SOURCE DATA |
+ + + + +

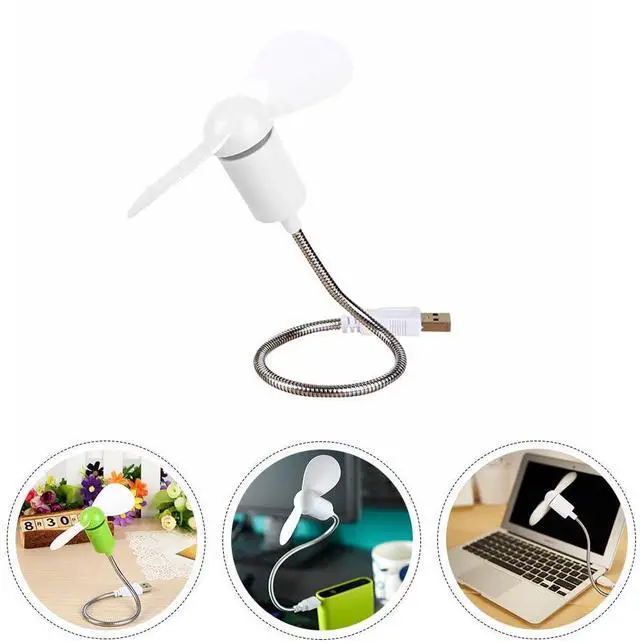 Alt view image 7 of 7 - 4 Pieces Usb Mini Fan Desk Electric Portable Electric Desk Usb Clip on Air Blower for Desktop Phone Neck Laptop Tpe Small Car Office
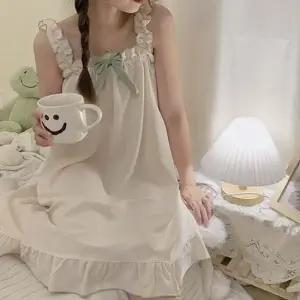 여성 실내 여름 홈웨어 프릴 나시 원피스 잠옷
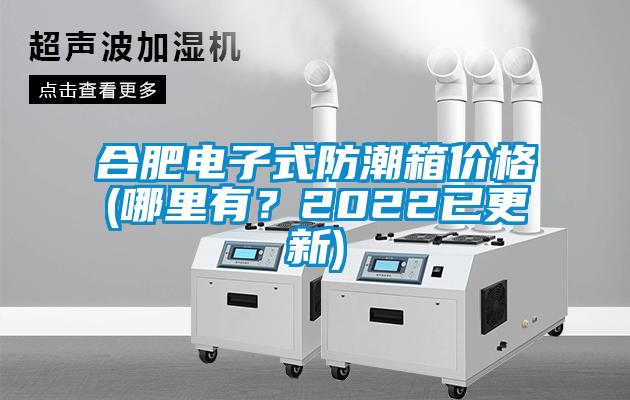 合肥電子式防潮箱價格(哪里有？2022已更新)
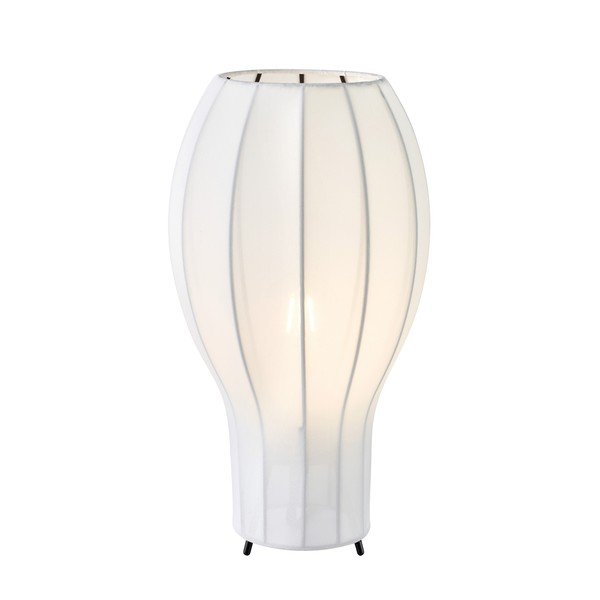 Bílá látková stolní lampa (výška 36,5 cm) Globo – Markslöjd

+ + + + +

Word-for-word output of the material above is needed, with the pictures left out.

EXERCISE ANSWER |
 Alt view image 7 of 7 - 4 Pieces Usb Mini Fan Desk Electric Portable Electric Desk Usb Clip on Air Blower for Desktop Phone Neck Laptop Tpe Small Car Office
 여성 실내 여름 홈웨어 프릴 나시 원피스 잠옷
 合肥電子式防潮箱價格(哪里有？2022已更新)
 Bílá látková stolní lampa (výška 36,5 cm) Globo – Markslöjd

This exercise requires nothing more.